| HN Mirror

Y	Hacker News new \| ask \| show \| jobs

by zargath 394 days ago

Sounds very basic, sadly.

Anybody know why these web crawling/bot standards are not evolving ? I believe robots.txt was invented in 1994(thx chatgpt). People have tried with sitemaps, RSS and IndexNow, but its like huge$$ organizations are depending on HelloWorld.bas tech to control their entire platform.

I want to spin up endpoints/mcp/etc. and let intelligent bots communicate with my services.
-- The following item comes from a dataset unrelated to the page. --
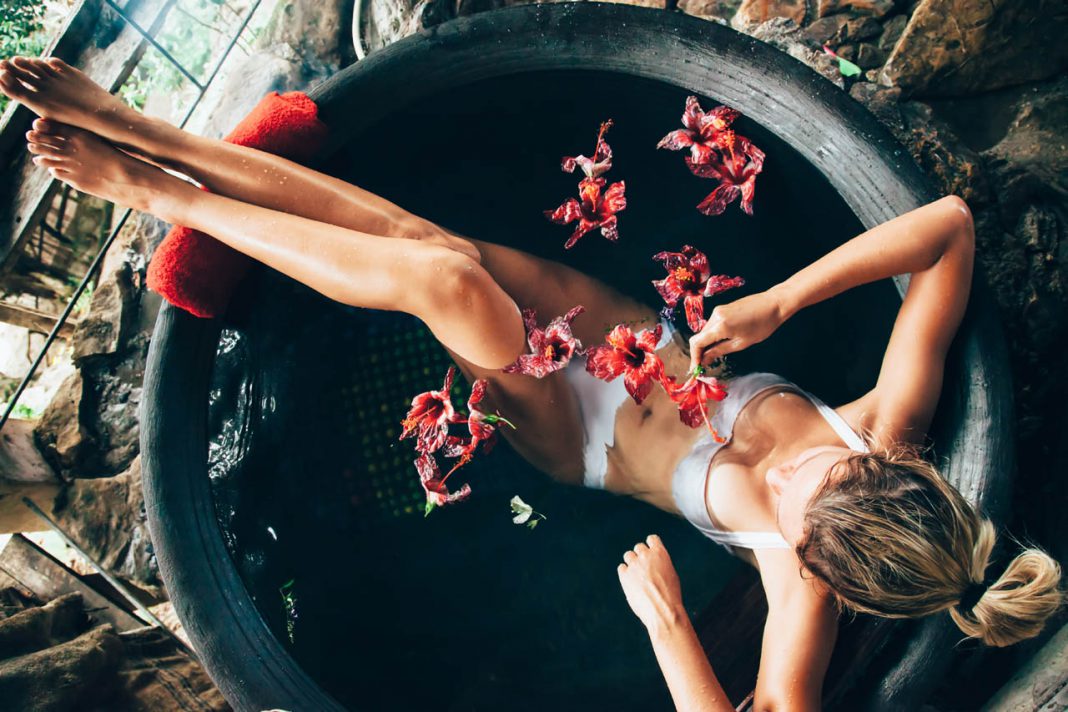 Woman,Relaxing,In,Round,Outdoor,Bath,With,Tropical,Flowers.,Organic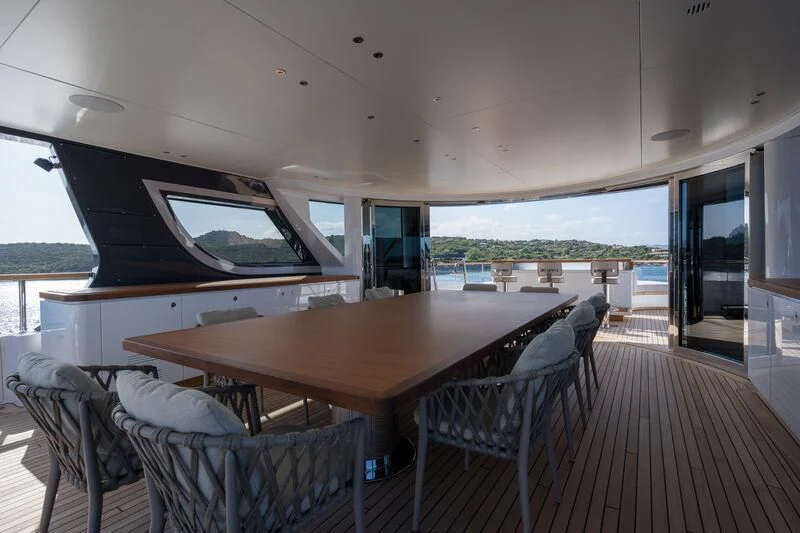 a table with chairs around it aboard TOSUN Yacht for Sale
Let them ask for access, ask for content, pay for content, etc. I want to offer solutions for bots to consume my content, instead of having to choose between full or no access.

I am all for AI, but please try to do better. Right now the internet is about to be eaten up by stupid bot farms and served into chat screens. They dont want to refer back to their source and when they do its with insane error rates.

3 comments

stereolambda 394 days ago

> I believe robots.txt was invented in 1994(thx chatgpt).

Not to pick on you, but I find it quicker to open new tab and do "!w robots.txt" (for search engines supporting the bang notation) or "wiki robots.txt"<click> (for Google I guess). The answer is right there, no need to explain to LLM what I want or verify [1].

[1] Ok, Wikipedia can be wrong, but at least it is a commonly accessible source of wrong I can point people to if they call me out. Plus my predictive model of Wikipedia wrongness gives me pretty low likelihood for something like this, while for ChatGPT it is more random.

link

reaperducer 394 days ago

robots.txt was invented in 1994(thx chatgpt)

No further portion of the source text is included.